Ainda conforme a mãe do jovem, os amigos ficaram desesperados e ligaram para ela. "Por volta das 4h30, 5h, eu fui lá nessa comunidade e vi que o chinelo dele estava na porta da casa dessa tal moça e bati na porta. Eu achei que ele estava dormindo lá e comecei a gritar o nome dele pra ver se ele acordava. Nisso, eu vi muito carro da polícia subindo e descendo. Bateu um desespero, porque nessa hora ninguém sabia dar informação, todo mundo ficava com medo. Parei um carro da polícia e mostrei uma foto dele. Os policiais pegaram meu telefone, subiram e quando desceram me falaram que tinha um corpo no Andaraí. Eu pedi pra me deixarem lá pra eu ver, mas me mandaram ir pra delegacia, na 19ª DP", relatou Sueli, que acrescentou:
"Fui lá, dei o nome dele, mas não tinha nenhuma ocorrência. Quando a gente estava saindo, apareceram dois carros da polícia e perguntei de novo se acharam meu filho. Eles olharam a foto e mandaram eu ir no IML, porque o corpo que encontraram no Andaraí poderia ser dele e quando cheguei lá era do Fabrício mesmo".

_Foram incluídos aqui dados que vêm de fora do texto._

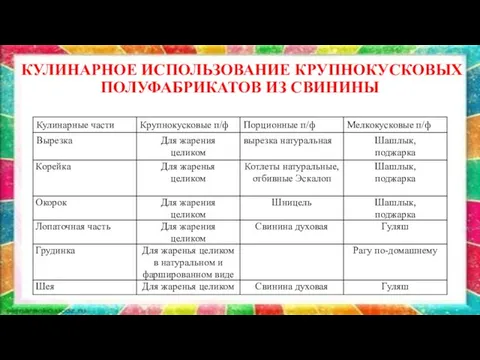 КУЛИНАРНОЕ ИСПОЛЬЗОВАНИЕ КРУПНОКУСКОВЫХ ПОЛУФАБРИКАТОВ ИЗ СВИНИНЫ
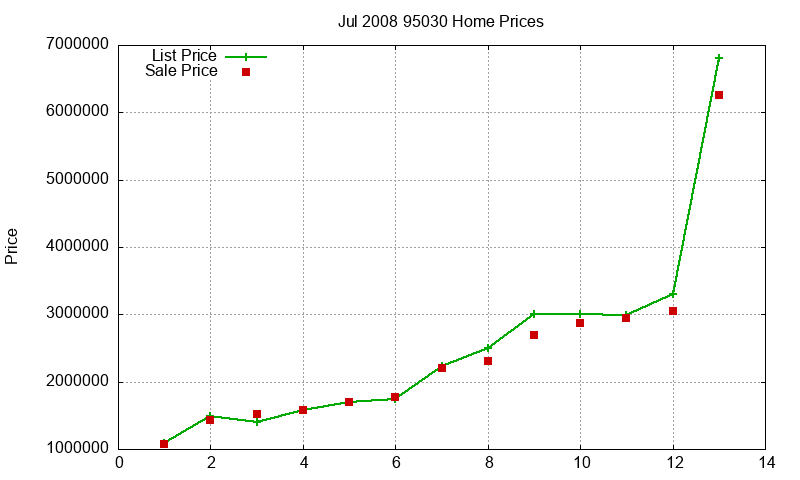 95030 Homes Just Sold 2008-07 95030 Homes Just Sold 2008-07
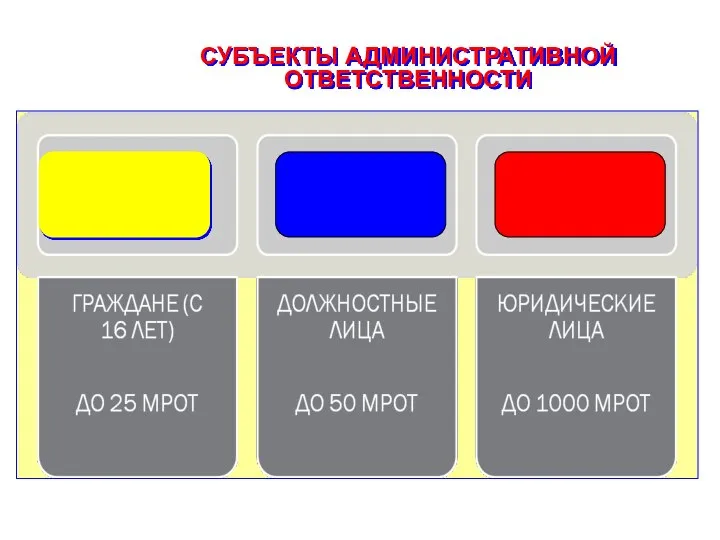 СУБЪЕКТЫ АДМИНИСТРАТИВНОЙ ОТВЕТСТВЕННОСТИ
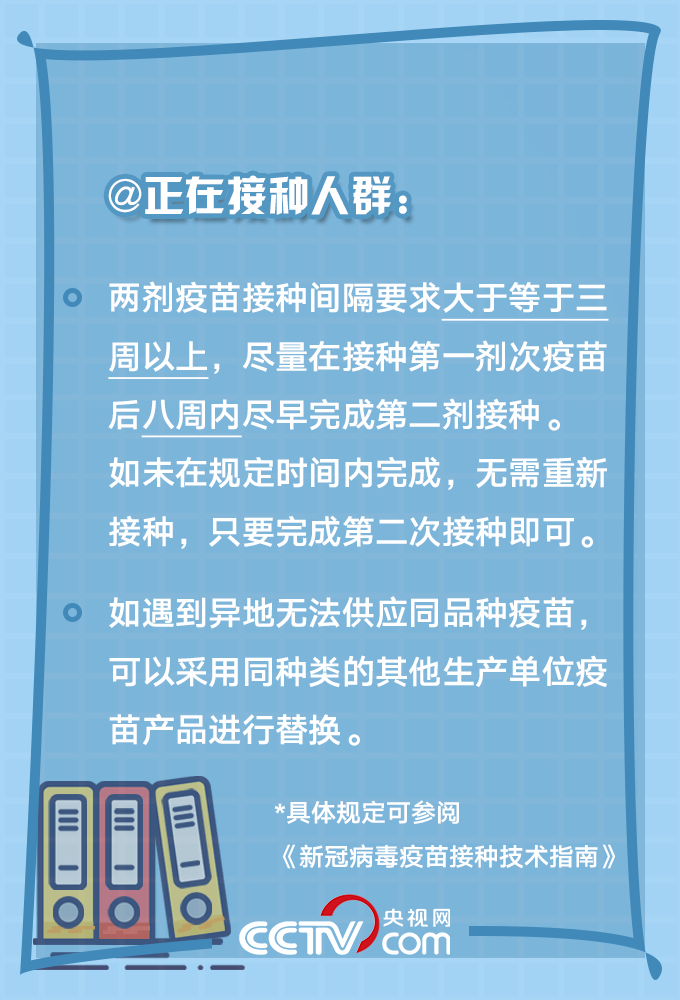 @所有人 你关心的新冠疫苗接种问题有答案啦!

Um dos amigos que estava com Fabrício contou que uma moradora do local tentou alertá-los sobre o perigo de estarem em uma comunidade de facção rival, mas o jovem atleta não a escutou. "A moça tentou a ajudar a gente, mas Fabrício não escutou e foi em direção aos caras. Eu só vi um menino descendo atrás da gente e a moça falou que era o vigia deles. Descemos correndo e lá embaixo encontramos uma amiga que mora no Jacaré, que conseguiu pedir um Uber pra gente ir embora", relatou o rapaz que preferiu não se identificar.
O presidente do time em que Fabrício jogava, Valdenir de Souza, lamentou a morte precoce do rapaz e pediu justiça.

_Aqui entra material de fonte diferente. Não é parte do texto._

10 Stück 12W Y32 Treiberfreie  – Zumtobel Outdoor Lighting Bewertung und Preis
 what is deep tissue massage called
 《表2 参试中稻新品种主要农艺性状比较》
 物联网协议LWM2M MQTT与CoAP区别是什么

"O garoto era muito bom, trabalhador e recentemente ganhou uma promoção no serviço dele de ajudante de cozinheiro, onde trabalhava há quatro anos. Foi uma grande covardia fazer isso com um trabalhador. Eles deveriam ter perguntado se era trabalhador e não ter executado um rapaz desse. Ele era muito querido, a comunidade está toda chocada. Esperamos que não fique impune", disse.
Traficante Scooby teria ordenado morte, apontam áudios
Áudios obtidos pela reportagem e atribuídos a traficantes do Terceiro Comando Puro (TCP) apontariam conversas sobre a execução de Fabrício. Em um deles, que seria do criminoso Leandro Nunes Botelho, o Scooby, mostra a orientação para o crime. "Vamos ver qual é desse maluco aí, vamos ver qual é desse maluco aí, meu parceiro. Pega a visão geral: se ele tem família no morro, qual é a dele. Se ele for de Manguinhos, parceiro, não tem papo. Não tem papo, mano, não tem papo".
Scooby é líder do Morro dos Macacos, território invadido por traficantes do Comando Vermelho há dez dias. O criminoso, além de vender drogas, cobraria por taxas de internet e outros serviços a moradores e perdeu uma fonte de renda com a invasão. Ele atualmente estaria no morro São Carlos, de onde tenta retomar o local.